Will I qualify for an annulment as opposed to a divorce and in what state?
My husband (then fiancee) moved to NJ in 09/08 and still resides there. I stayed here in WI until we sold our home. We got married in 10/09. We just closed on our home this week (short sale). I will be moving to VA in April. Will we qualify for an annulment instead of a divorce? There are no children. There are no assets. Where should we file? NJ, WI or VA? Will it be faster to get an annulment or a divorce? Which will be less expensive?
Where you file for a divorce depends on where you reside. Each state has a residentcy requirement that must be met in order to file for divorce.
Most likely you want to get a divorce, and because you've been married such a short time and don't have assets or children, you probably qualify for an uncontested divorce. An uncontested divorce is much simpler than an annulment. An annulment is an old-fashioned concept that was adopted by the New Jersey legislature many years ago as a result of lobbying by certain religious groups that publicly opposed divorce, but privately recognized that certain marriages were simply not meant to be.

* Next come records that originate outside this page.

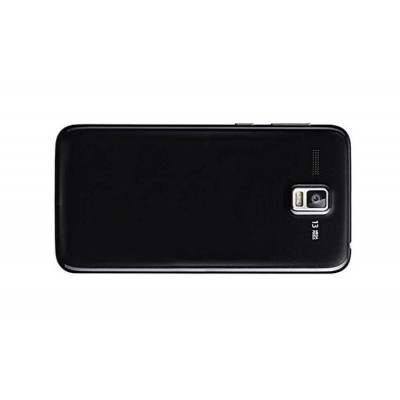 Full Body Housing For Lenovo Golden Warrior A8 A806 Black - Maxbhi Com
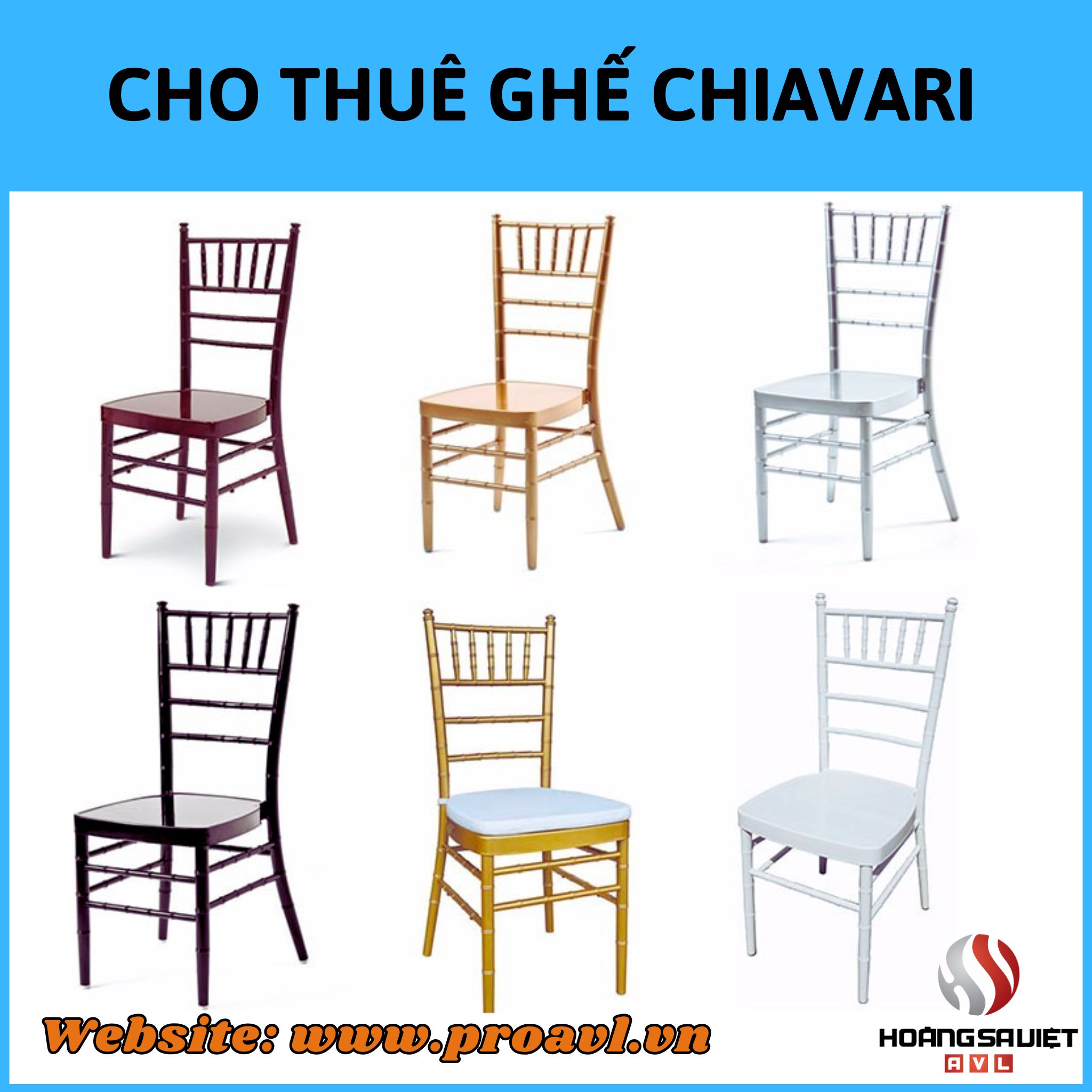 Cheap Chiavari Chair Rental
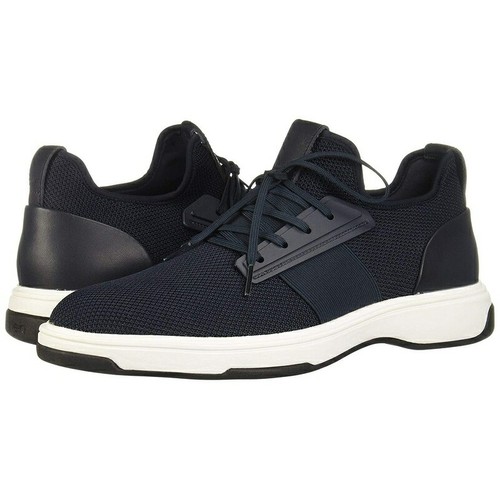 black coach sneakers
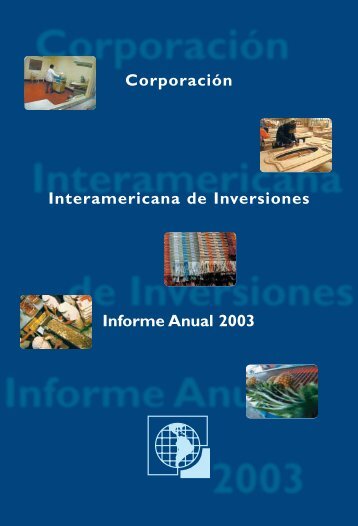 CorporaciÃ³n Interamericana de Inversiones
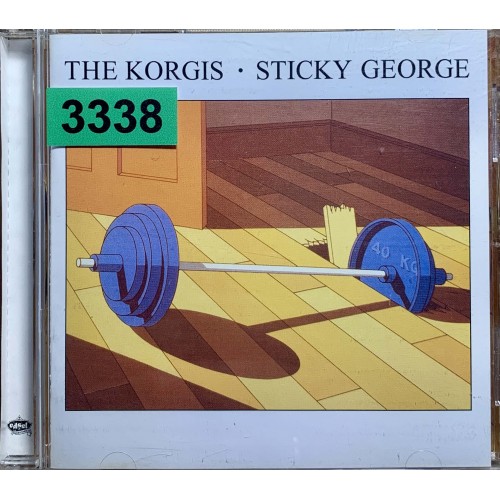 The Korgis: «Sticky George» (Reissue)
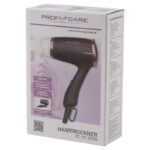 ProfiCare Hair Dryer PC-HT 3009 Brown 1400 W - imagine 2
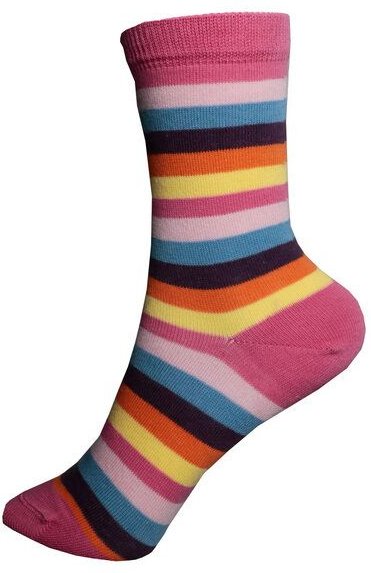 Grödo Baby / Kinder Ringel Söckchen Bio-Baumwolle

To get a civil annulment (as opposed to a church annulment, for which you must consult your religious adviser), you must usually meet the specific requirements New Jersey's annulment statute which is N.J.S.A. 2A:34-1. Some typical grounds for an annulment are when one spouse alleges that the marriage was based on one spouse's fraudulent premarital statement. When it comes to dividing property, determining custody or child support, or other practical matters, there is little real difference between an annulment and a divorce.
Unless one of you has an extremely strong religious objection to divorce, that is the best route to take. You don't need to prove fraud or anything else -- because New Jersey allows no-fault divorce, you only need to say that you don't get along.
The New Jersey Family Court has jurisdiction over any annulment case. However, unlike in divorce cases, there is no residency requirement in order to file an annulment case, so long as either party is a bona fide resident of New Jersey at the time the action commenced.
In order to start the divorce process you must file a complaint in the circuit court where you or your spouse lives. In your complaint or at the hearing, you will have to meet the residency requirement for the ground you specified above. Divorce laws apply only to the residents of a state, and each state has its own residency requirements. For the ground of voluntary separation without cohabitation, the residency requirement is six months in Virginia. If there are no children from the marriage, you must be separated for a minimum of six months and have a written property settlement agreement before you may file for divorce. If there are children from the marriage, you must be separated a minimum of one year before you may file for divorce. You do not file a separation agreement with the Court. The law absolutely requires that you or your spouse has been a resident for the stated period of time immediately prior to and at the time that you file for a divorce. For example, you cannot have lived in Virginia for six months before moving to Nebraska for another six months and then come back to Virginia to file for a divorce. However, after you have filed, you can move anywhere in the world.
In Virginia, however, you could ask for two types of divorce: absolute and limited. When the court decrees (orders) an absolute divorce, it means that the divorce is permanent, permits remarriage, and terminates property claims. This is known as a "divorce a vinculo matrimonii" (meaning from the bonds of matrimony). When the court decrees a limited divorce, it means that the divorce is not permanent, does not permit remarriage, and does not terminate property claims (but the limited divorce may settle these claims); it serves only to legalize the separation and provide for support. This is known as a "divorce a mensa et thoro" (from bed and board). There is n0 such term as a legal separation in Virginia. You are not required to get a limited divorce before you can get an absolute divorce - there is a common misconception that you need a legal separation in order to get a divorce. This is not the case. Since divorce in Virginia is statutory, the law is located in The Virginia Annotated Code under Chapter 20.
Annulment establishes that your marital status never existed. The court will declare that you were never married. Because the courts rarely grant an annulment, you should think twice about using this route if you want to end your marriage. The court may look to, but is not limited to, the legitimacy of children and the preservation of the sanctity of marriage. Because of these consideration a court will look to granting a divorce instead of an annulment.
See legal help in the State in which you decide to file.